● Task item:
Beginning with the line that has "Computadora Kia Forte", write out each line down to the end of the records below exactly, and include no pictures.

● Supplied records:
++++

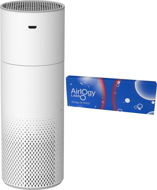 Hysure Kilo Pro Air Purifier & Humidifier + Airlogy Kit M310 törlőkendő - Légtisztító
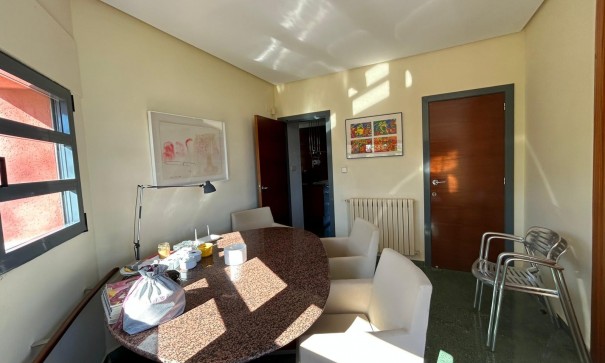 Revente - Villa Individuelle -
Orihuela Costa - Dehesa de Campoamor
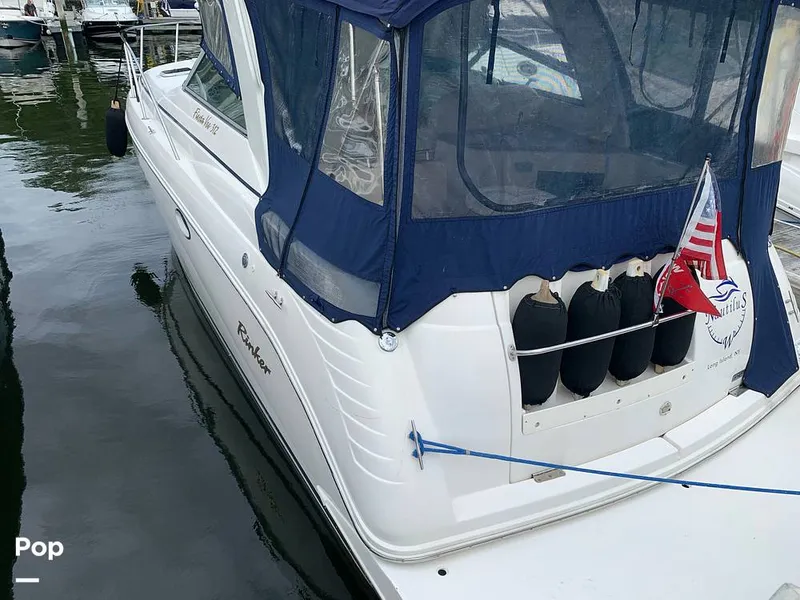 Slide: The Image of Rinker 312 fiesta vee 2003 - 16649809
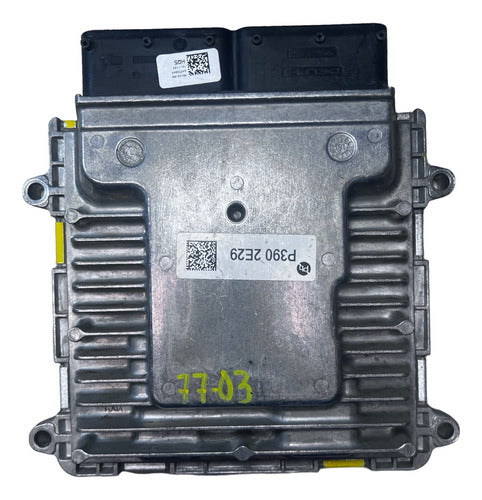 Computadora Kia Forte 2.0l A/t 17-18 39199-2e029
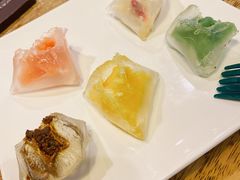 -星巴克(呼和浩特民族商场店)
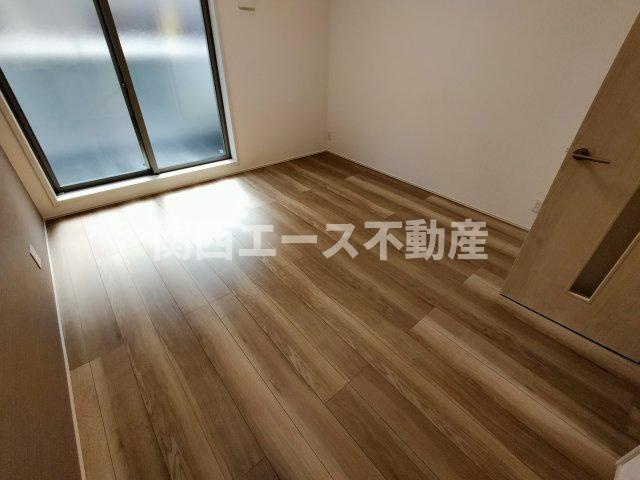  | フジパレス俊徳道WEST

++++

● Answer to this problem:
 Computadora Kia Forte 2.0l A/t 17-18 39199-2e029
 -星巴克(呼和浩特民族商场店)
  | フジパレス俊徳道WEST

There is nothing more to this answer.